Leave the pictures out and transcribe every record exactly.

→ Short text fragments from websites

- - -

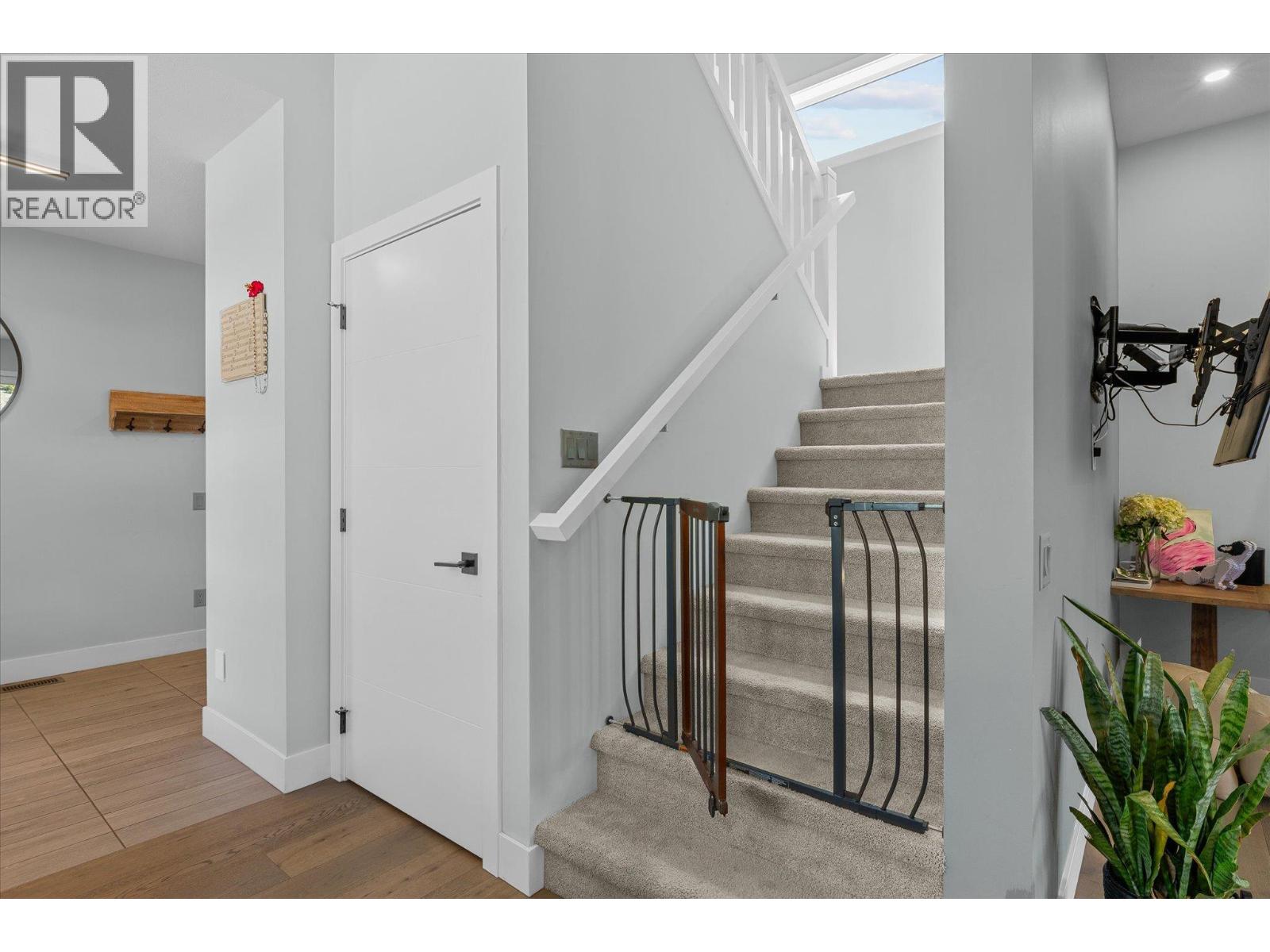  1846 Viewpoint Crescent, West Kelowna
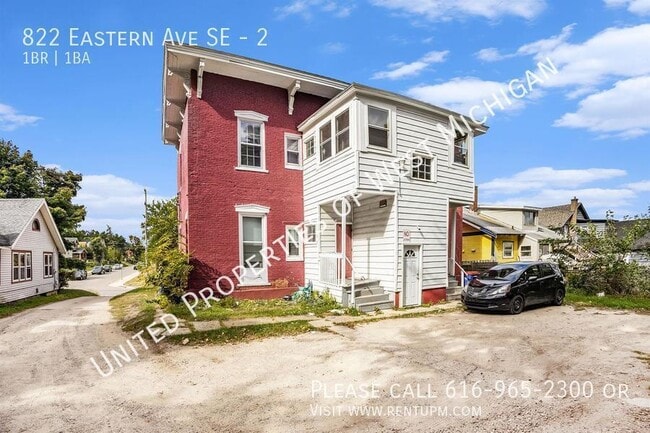 Building Photo - 822 Eastern Ave SE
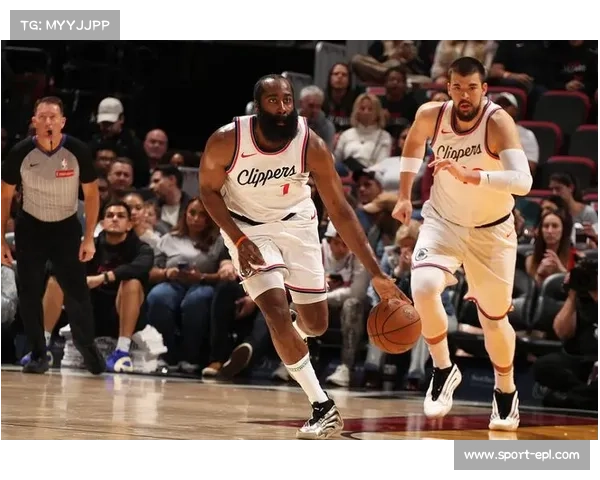 博格丹腿筋伤势无大碍 与哈登加练投篮为新目标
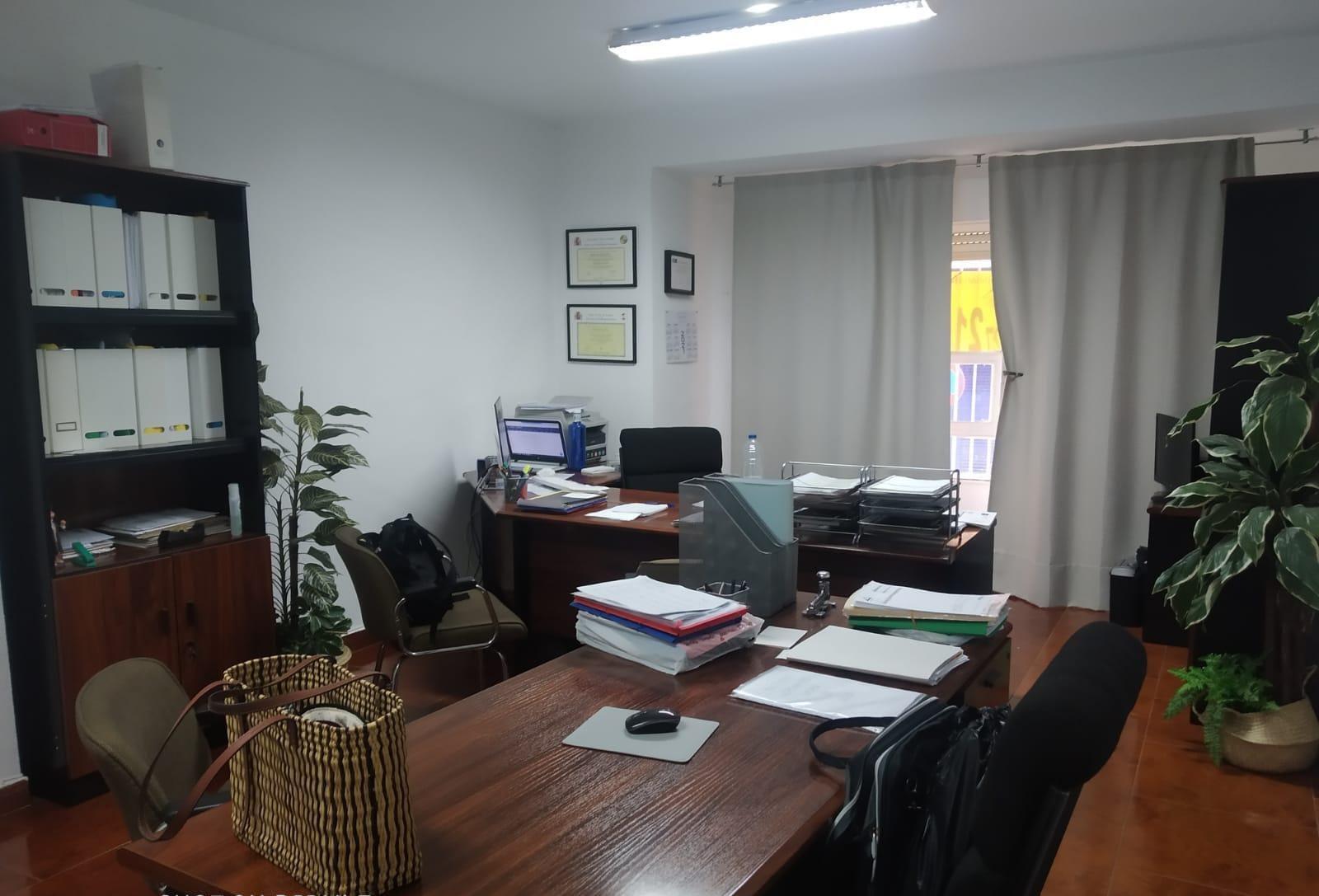Office in Cáceres, Cáceres for sale Primary Photo- Image 1 of 6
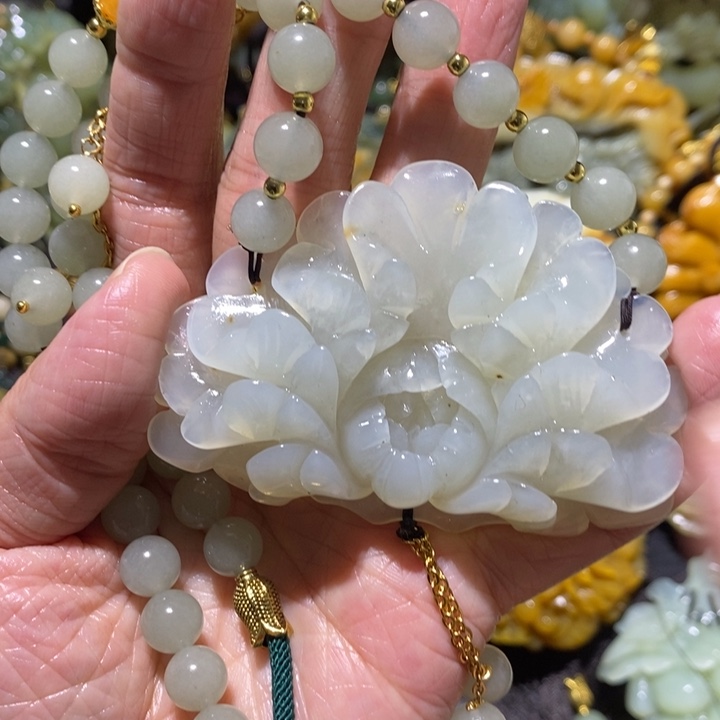 岫玉岫玉吊坠未镶嵌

- - -

→ RESPONSE
  1846 Viewpoint Crescent, West Kelowna
 Building Photo - 822 Eastern Ave SE
 博格丹腿筋伤势无大碍 与哈登加练投篮为新目标
Office in Cáceres, Cáceres for sale Primary Photo- Image 1 of 6
 岫玉岫玉吊坠未镶嵌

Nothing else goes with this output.